**Instructions for the task:**
Output each record exactly, excluding pictures.

(Image-text web data)
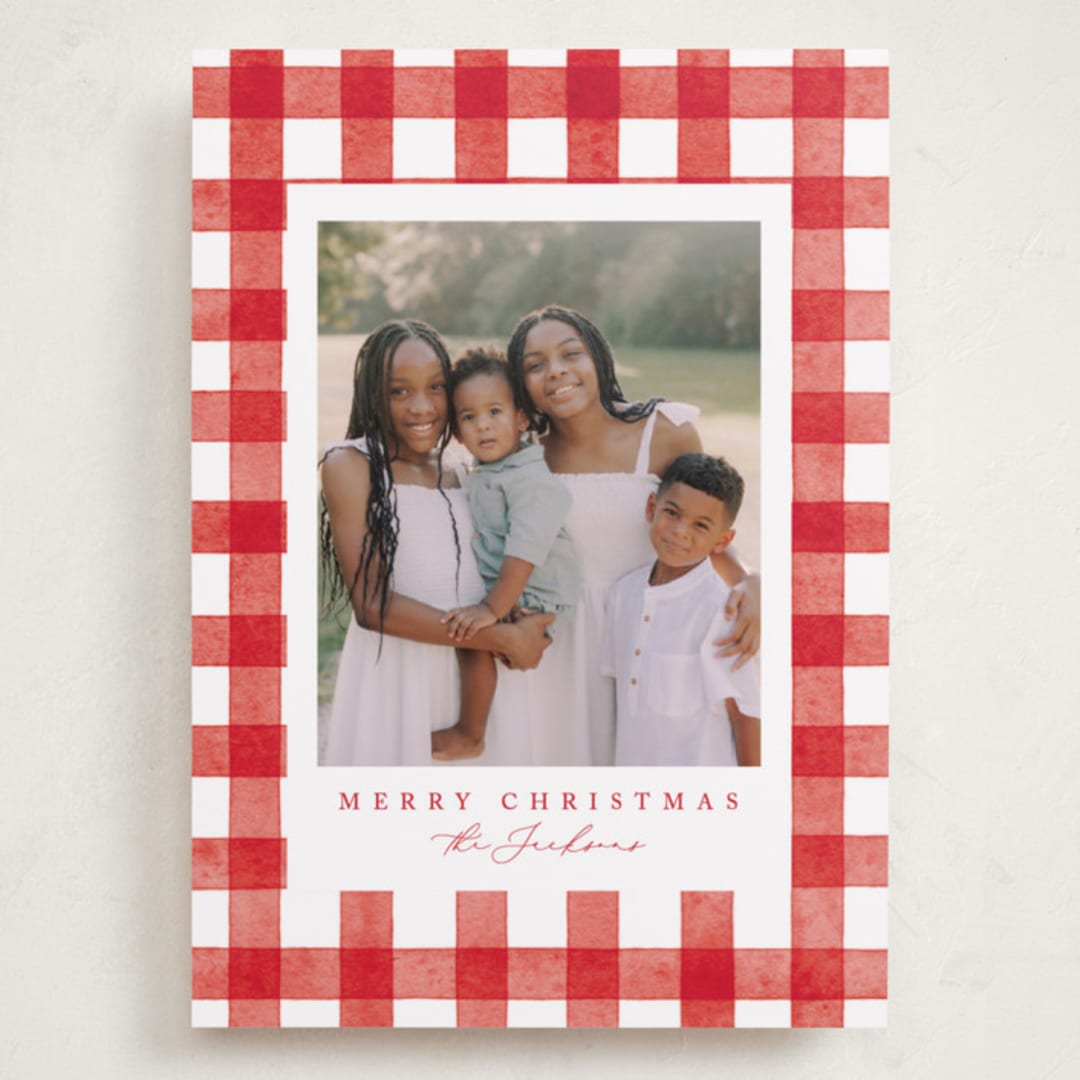 "Merry Gingham" - Holiday Cards in Santa Suit by Brooke Chandler - Front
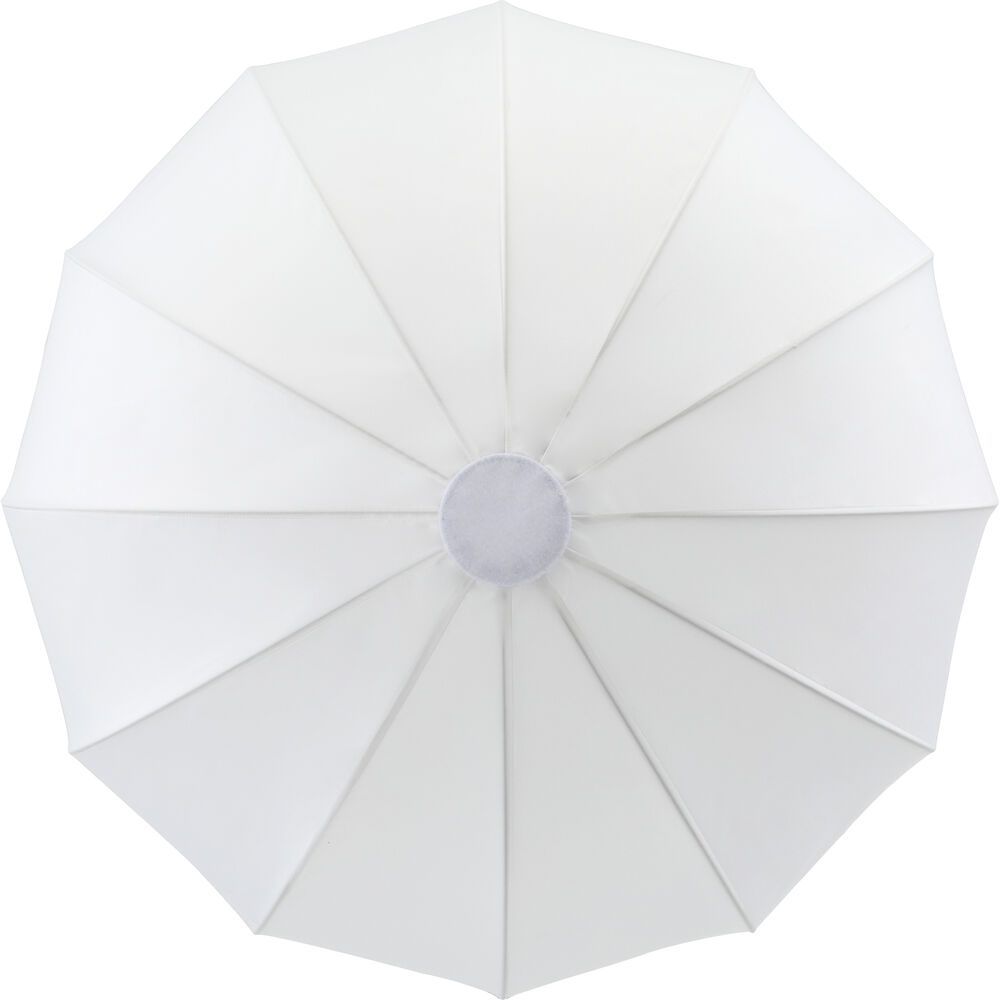 1599470188_767 Ylhäältä alaspäin näkymä täysin avattuun Godox CS65D Lantern Softbox 65cm valkoiseen, jossa on useita paneeleita, jotka lähtevät säteittäisesti pyöreästä keskipisteestä.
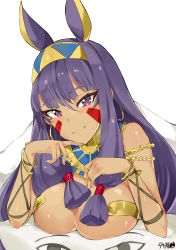 Rule 34 | 1girl, absurdres, bare shoulders, blunt bangs, blush, bracelet, breast press, breasts, closed mouth, dark-skinned female, dark skin, earrings, egyptian, egyptian clothes, facial mark, fate/grand order, fate (series), hair between eyes, hair tubes, hairband, highres, hoop earrings, jewelry, large breasts, long hair, looking at viewer, lying, medjed (fate), nitocris (fate), on stomach, purple eyes, purple hair, revealing clothes, sidelocks, smile, solo, tuxedo de cat, under covers
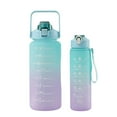 thumbnail image 1 of 2pcs Drink Bottle Frosted Gradient 2000ML+900ML Cold Water Bottle (Pink), 1 of 7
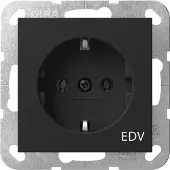 Gira SCHUKO-Steckd. Aufdruck EDV System 55 Schwarz m 4458005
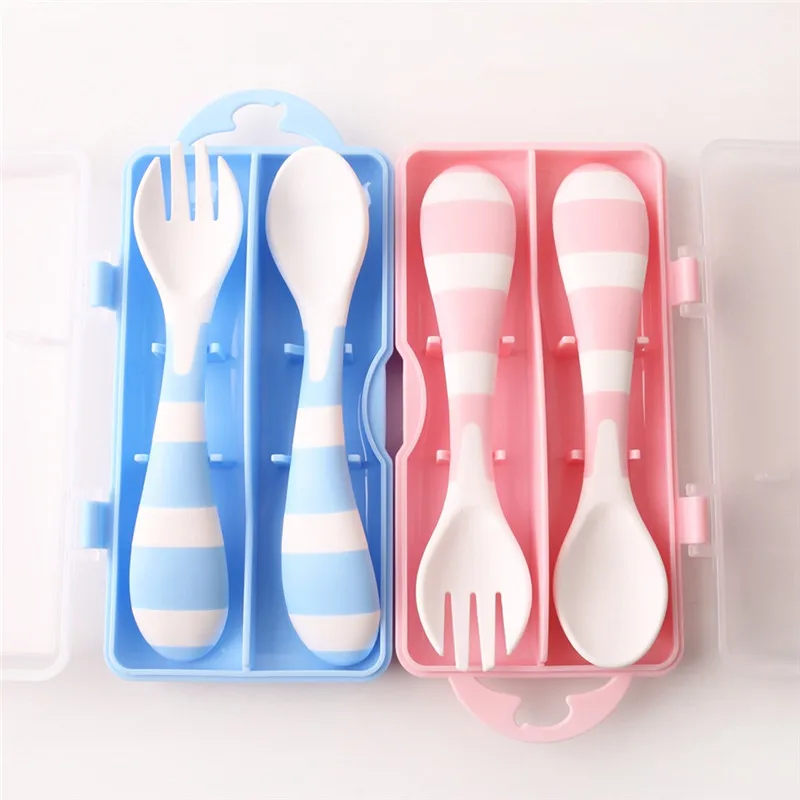 

Baby Cartoon Fork Spoon Eating Supplies Baby Fork Spoon Set Children Eating Training Fork Spoon With Storage Box Cutlery Set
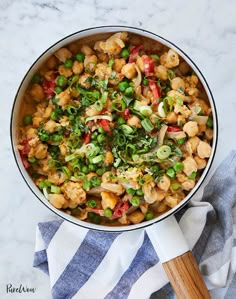 chickpea and vegetable coconut curry in a bowl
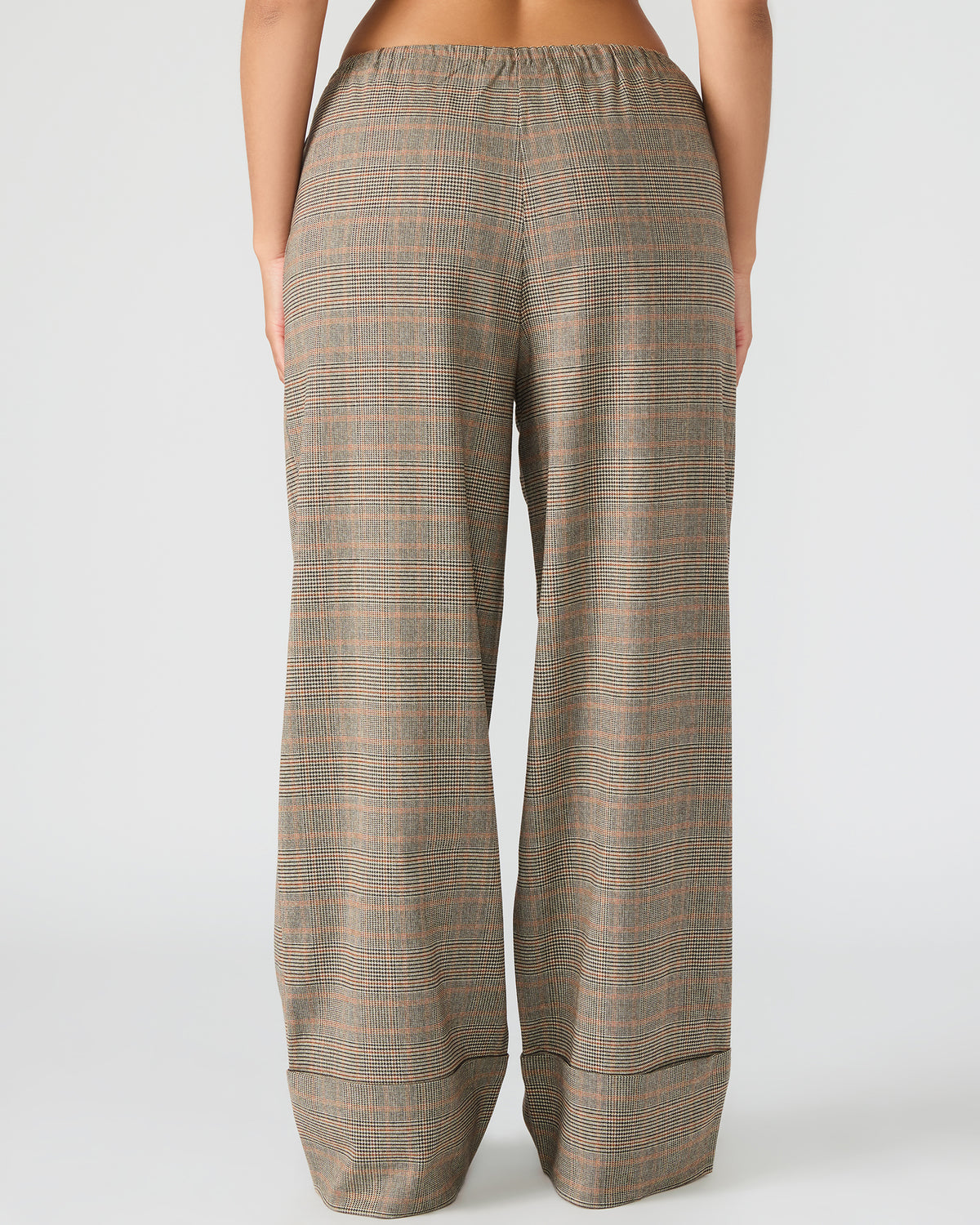 IDRA Brown Pull-On Tie-Front Cuffed Plaid Women's Pants - Steve Madden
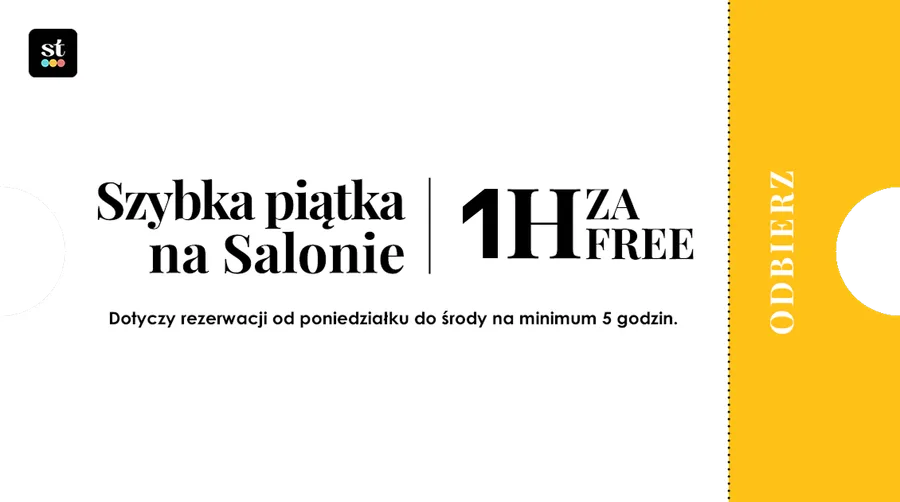 Kupon: Szybka piątka na Salonie 1H  ZA FREE , Dotyczy rezerwacji od poniedziałku do środy na minimum 5 godzin.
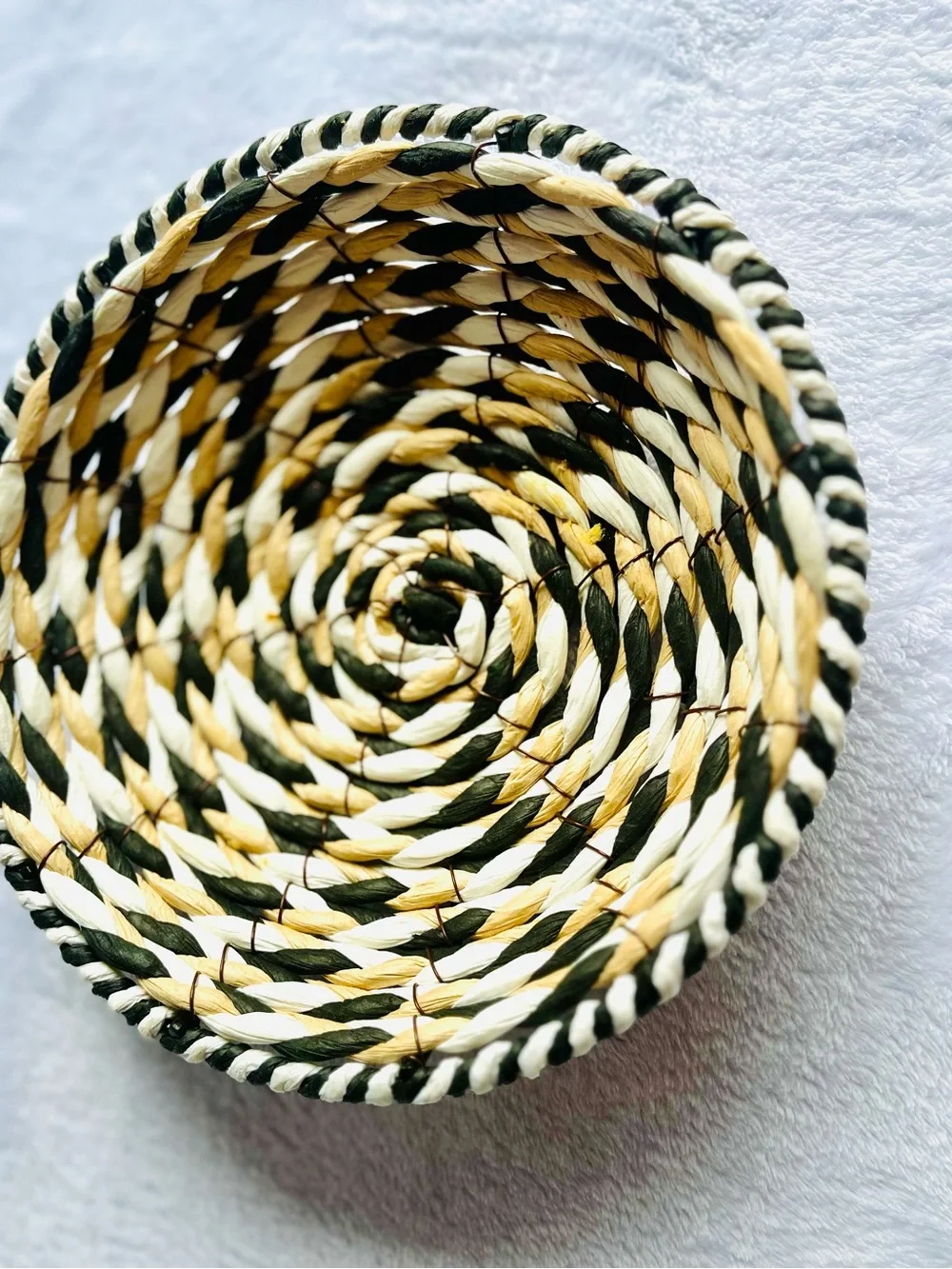 Handwoven Natural, White & Black- Wicker & Wire Decorative Basket - Home Accents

**Output for this exercise:**
 "Merry Gingham" - Holiday Cards in Santa Suit by Brooke Chandler - Front
 1599470188_767 Ylhäältä alaspäin näkymä täysin avattuun Godox CS65D Lantern Softbox 65cm valkoiseen, jossa on useita paneeleita, jotka lähtevät säteittäisesti pyöreästä keskipisteestä.
 Rule 34 | 1girl, absurdres, bare shoulders, blunt bangs, blush, bracelet, breast press, breasts, closed mouth, dark-skinned female, dark skin, earrings, egyptian, egyptian clothes, facial mark, fate/grand order, fate (series), hair between eyes, hair tubes, hairband, highres, hoop earrings, jewelry, large breasts, long hair, looking at viewer, lying, medjed (fate), nitocris (fate), on stomach, purple eyes, purple hair, revealing clothes, sidelocks, smile, solo, tuxedo de cat, under covers
 thumbnail image 1 of 2pcs Drink Bottle Frosted Gradient 2000ML+900ML Cold Water Bottle (Pink), 1 of 7
 Gira SCHUKO-Steckd. Aufdruck EDV System 55 Schwarz m 4458005

Baby Cartoon Fork Spoon Eating Supplies Baby Fork Spoon Set Children Eating Training Fork Spoon With Storage Box Cutlery Set
 chickpea and vegetable coconut curry in a bowl
 IDRA Brown Pull-On Tie-Front Cuffed Plaid Women's Pants - Steve Madden
 Kupon: Szybka piątka na Salonie 1H  ZA FREE , Dotyczy rezerwacji od poniedziałku do środy na minimum 5 godzin.
 Handwoven Natural, White & Black- Wicker & Wire Decorative Basket - Home Accents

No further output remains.